Un ejemplo poderoso de esto lo vemos en Ananías.

Hechos 9:17 (RVR1960):
“Fue entonces Ananías y entró en la casa, y poniendo sobre él las manos dijo: Hermano Saulo, el Señor Jesús, que se te apareció en el camino por donde venías, me ha enviado para que recibas la vista y seas lleno del Espíritu Santo.”

Ananías no era un apóstol famoso, ni un líder reconocido. Pero era un hombre disponible para representar al Reino. Dios NO ESTA BUSCANDO celebridades; Dios busca representantes disponibles, dignos.

Tercero, el embajador vive bajo inmunidad espiritual.

En la diplomacia moderna existe algo llamado inmunidad diplomática.

Esto significa que el representante (embajador) de un país vive bajo la protección de su nación.
En la Biblia encontramos el mismo principio espiritual.

Job 1:10 (RVR1960):
¿No le has cercado alrededor a él y a su casa y a todo lo que tiene?”

Satanás mismo reconoció que Job estaba rodeado por un cerco espiritual.
Ese cerco representa protección divina, cobertura y presencia de Dios.
Job vivía dentro de la embajada del cielo.

Este mismo principio se ve cuando Saúl intenta capturar a David.

1 Samuel 19:20 (RVR1960):
“Y cuando vieron una compañía de profetas que profetizaban, y a Samuel que estaba allí y los presidía, vino el Espíritu de Dios sobre los mensajeros de Saúl, y ellos también profetizaron.” (En la embajada del reino, predomina la cultura del reino).

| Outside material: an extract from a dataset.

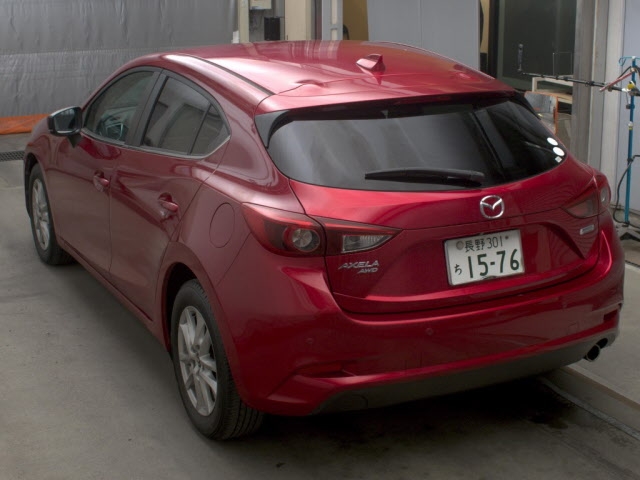 MAZDA AXELA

Los hombres de Saúl llegaron con intención de arrestar a David, pero al entrar en la atmósfera de la presencia de Dios, la intención cambió.
La presencia transformó el ambiente.

Cuando la cultura del Reino se manifiesta, los enemigos pierden autoridad.

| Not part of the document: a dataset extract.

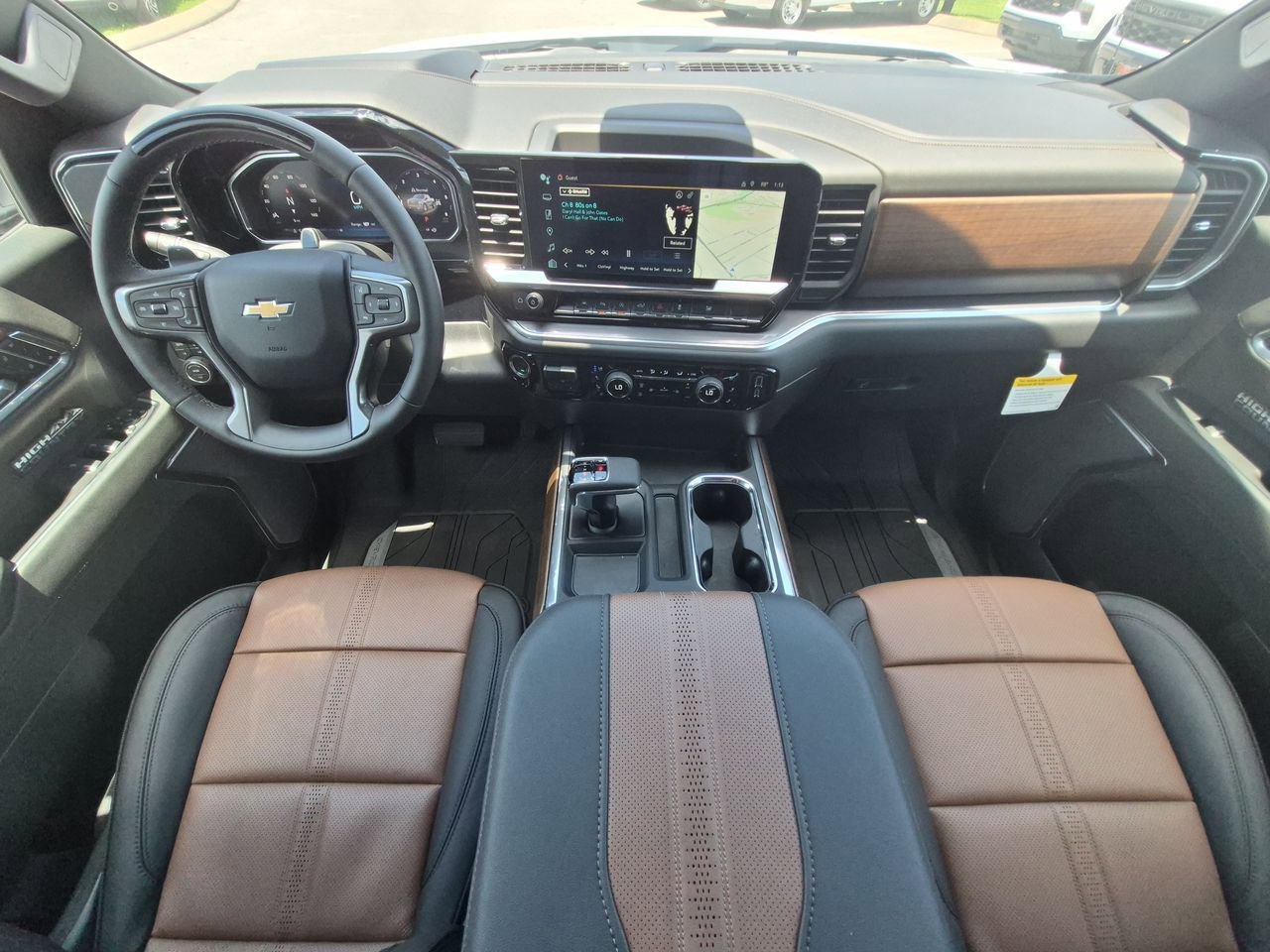 New 2026 Polar White Tricoat Chevrolet High Country image 21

Esto explica algo que Pablo también menciona:

1 Corintios 14:25 (RVR1960):
“Postrándose sobre el rostro, adorará a Dios, declarando que verdaderamente Dios está entre vosotros.”

Cuando la presencia de Dios llena el lugar, la acusación se transforma en convicción.

Esto nos recuerda el momento cuando Jesús confrontó a los acusadores de la mujer.

Juan 8:10 (RVR1960):
¿Dónde están los que te acusaban?

Cuando Cristo gobierna el ambiente, la acusación pierde poder.

Un embajador del cielo entiende tres puntos fundamentales:

  • No pertenece a este sistema.

  • Representa un Reino superior.

  • Vive bajo la protección del cielo.

Por eso Pablo pudo declarar:

Filipenses 3:20 (RVR1960):
Mas nuestra ciudadanía está en los cielos.

Quizas sientes que está en una cárcel espiritual.
Tal vez hay cadenas de miedo, acusación, pecado o desesperanza.
simplemente se cayeron.
Pero recuerda lo que ocurrió con Pedro: las cadenas NO tuvieron que romperse, simplemente se cayeron.

Porque cuando el cielo interviene, lo que te ataba pierde su autoridad.

Y hoy el Espíritu Santo sigue haciendo la misma pregunta: ¿Dónde están los embajadores del cielo?
Los que no viven según este sistema, los que representan el Reino, los que caminan bajo la cobertura de Dios.

Porque cuando un embajador del cielo se levanta, las cadenas se caen, los enemigos se confunden y el Reino de Dios se manifiesta.